The title still-frame from the documentary “Chautauqua: An American Narrative” shows people gathered along the Clark Brick Walk, on the edge of the Hall of Philosophy, in full-color summer — a sight familiar to Chautauquans and one that embodies the Institution’s history from the first Assembly.
Here’s a quick question that seems simple but that I think is a lot harder than it looks: What does the word “innovation” mean? Is it the same as invention? Or is it more similar to discovery? We probably know that innovation has something to do with human creativity and usually with new technology. But can innovation just be explained as any kind of creative new thing or idea? Or is it something altogether different?

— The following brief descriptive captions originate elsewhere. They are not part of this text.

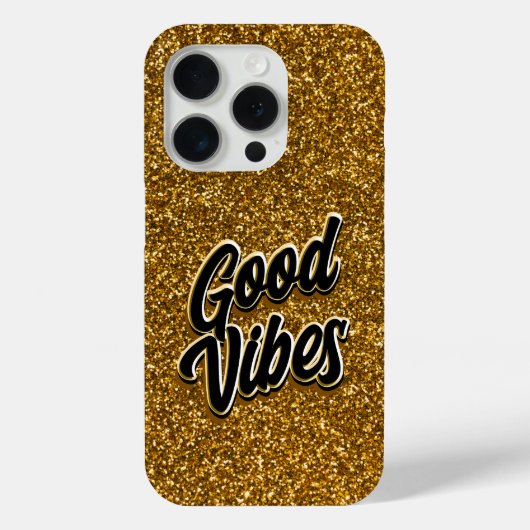Gute Vibes Case-Mate iPhone Hülle (Rückseite)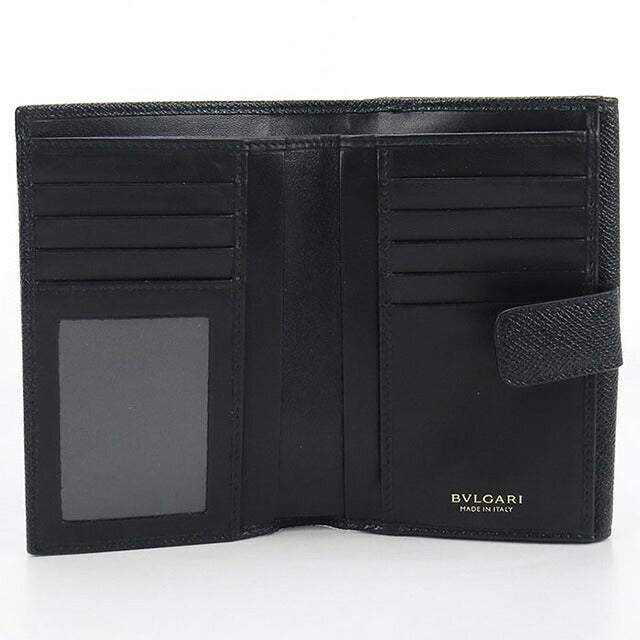 Used Bvlgari bi-fold wallet ladies brand BVLGARI black wallet USDBV102795011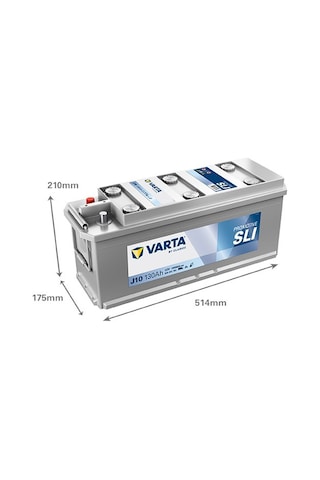 Varta J10 12v 130 Ah 1000a Promotive Slı Akü Üretim Yılı:2026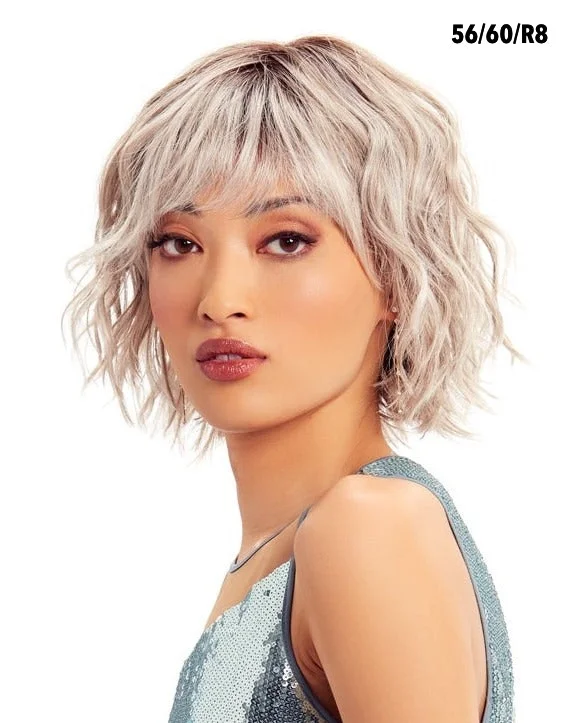 Glueless Human Hair Wigs for Long Curls-Trend Wig by TressAllure | Heat Friendly Synthetic Hair | Average Cap Glueless Human Hair Wigs for Long Curls-Trend Wig by TressAllure | Heat Friendly Synthetic Hair | Average Cap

These days, on the television news or in the business press, we can’t go long before hearing about new, innovative companies. In fact, it’s become a steady drumbeat. We hear about innovative products and innovative “apps” for our smartphones. Or we hear about fantastically innovative people, like the late Steve Jobs, who have earned themselves the honorific of being called innovators. But it can sometimes be difficult to separate truth from hype. What’s more is there seems little doubt that the term innovation now seems to function much like a buzzword: We hear it so often, and apply it so indiscriminately, that we may have only the haziest sense of its definitions. Meanwhile, as the deeper meanings of innovation have become obscured, I’ve often wondered: Does that mean we have lost a sense of what innovation requires, or why it’s so difficult, or why — when it succeeds — it can be so central to our culture and economy?